Discussions at the 7th NFDI4Chem Consortium Meeting
The 7th NFDI4Chem consortium meeting took place last week in Jena. This post is a summary of some of the interesting discussions I had there.
Ontologies and Mappings
I’ve been working on ontologies, semantic mappings, and knowledge graphs for nearly a decade. These interests fit well within NFDI4Chem TA4 and more generally within NFDI Section Metadata’s Working Group on Ontologies and Mappings. I want to highlight a few discussions I had about these topics at the 7th NFDI4Chem consortium meeting:
Ontology for Theoretical Chemistry
I discussed with Mario Wolter and Philip Strömert on how we could support Mario’s use case of making molecular dynamics and simulation experimental metadata more fair by constructing an ontology for theoretical chemistry.
The NFDI4Chem Ontologies Collection on the Semantic Farm (adapted from Ontologies4Chem: the landscape of ontologies in chemistry) lists the Computational Chemistry Ontology from the World Avatar project, but that resource is effectively unusable, motivating the curation of a new ontology (which when applicable can map back to the World Avatar ontology).
We plan to use the Ontology Development Kit (ODK) to begin work and will first focus on capturing basis sets used in computation. The ODK supports us in curating mappings to the World Avatar project’s ontology (when applicable) in the Simple Standard for Sharing Ontological Mappings (SSSOM). Interestingly, in the week since the conference, we identified parallel work in the NFDI on the Molecular Simulation Ontology (MOLSIM) which will need to be considered further.
Semantic Mappings for CHMO
In the weeks leading up to the consortium meeting, I have been discussing with Philip Strömert how to leverage SSSOM Curator to predict and curate semantic mappings between CHMO, FIX, REX, IUPAC OrangeBook, IUPAC GoldBook, and DAPHNE4NFDI’s PaNET ontology. While his HiWi made initial mappings between CHMO and GoldBook (among other exciting improvements) in NFDI4Chem/rsc-cmo#17, I was able to prepare mappings at scale between all resources using SSSOM Curator, then curate them relatively quickly (within a few hours) in nfdi-de/section-metadata-wg-onto#88 and nfdi-de/section-metadata-wg-onto#89. Philip and I coordinated next steps for the ontology agenda for NFDI4Chem (TA4), which will include porting several other chemistry ontologies to using the ODK (RXNO, CHEMINF) and to write manuscript describing how to produce ontology bridge files from the SSSOM semantic mapping curations.

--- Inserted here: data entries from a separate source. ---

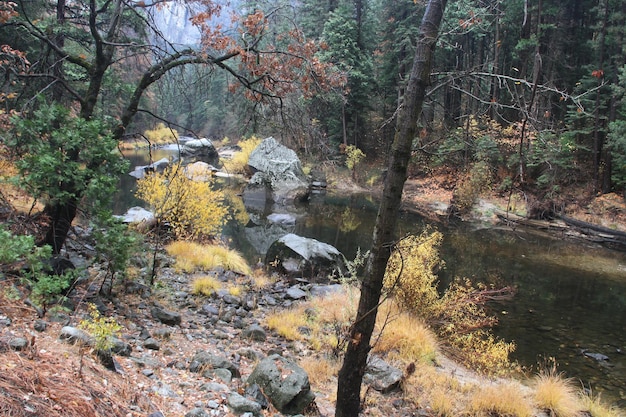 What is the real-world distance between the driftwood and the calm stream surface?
0.82m

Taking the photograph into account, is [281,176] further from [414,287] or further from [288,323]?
[288,323]

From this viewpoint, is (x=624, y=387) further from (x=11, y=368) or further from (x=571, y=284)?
(x=11, y=368)

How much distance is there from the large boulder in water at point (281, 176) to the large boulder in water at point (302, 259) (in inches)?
462

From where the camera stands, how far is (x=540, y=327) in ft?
30.5

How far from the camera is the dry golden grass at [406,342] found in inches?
256

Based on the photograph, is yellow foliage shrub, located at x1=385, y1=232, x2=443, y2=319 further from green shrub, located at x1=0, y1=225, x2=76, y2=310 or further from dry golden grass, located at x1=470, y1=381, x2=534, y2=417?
green shrub, located at x1=0, y1=225, x2=76, y2=310

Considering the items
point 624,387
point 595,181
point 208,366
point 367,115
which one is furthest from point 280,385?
point 367,115

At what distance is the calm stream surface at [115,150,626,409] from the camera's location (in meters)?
8.07

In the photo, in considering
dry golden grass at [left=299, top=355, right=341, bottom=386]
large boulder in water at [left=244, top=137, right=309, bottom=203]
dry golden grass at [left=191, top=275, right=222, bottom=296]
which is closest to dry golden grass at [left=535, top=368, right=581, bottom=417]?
dry golden grass at [left=299, top=355, right=341, bottom=386]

Annotating Interfacial Electrochemistry Data
Albert Engstfeld presented
echemdb, a community project for interfacial
electrochemistry and local research data management. They recently ported their
data model to LinkML, but weren’t aware of how ontologies
could be used to annotate data. I discussed with him how their free-text
descriptions of electrode types could be replaced with references to terms in
the Chemical Methods Ontology (CHMO) under the
CHMO:0002344 (electrode)
hierarchy.
Immediately, Albert identified missing electrode terms from CHMO and places where the terms could be better organized. Luckily, NFDI4Chem is currently under the process of taking stewardship over CHMO and making a major update, so NFDI4Chem will be able to support and enable Albert to improve the ontology to better suit his data resource. In general, this shows the power of the open data, open code, open infrastructure (O3) mindset codified by the OBO Foundry Principles that influenced the original development of CHMO.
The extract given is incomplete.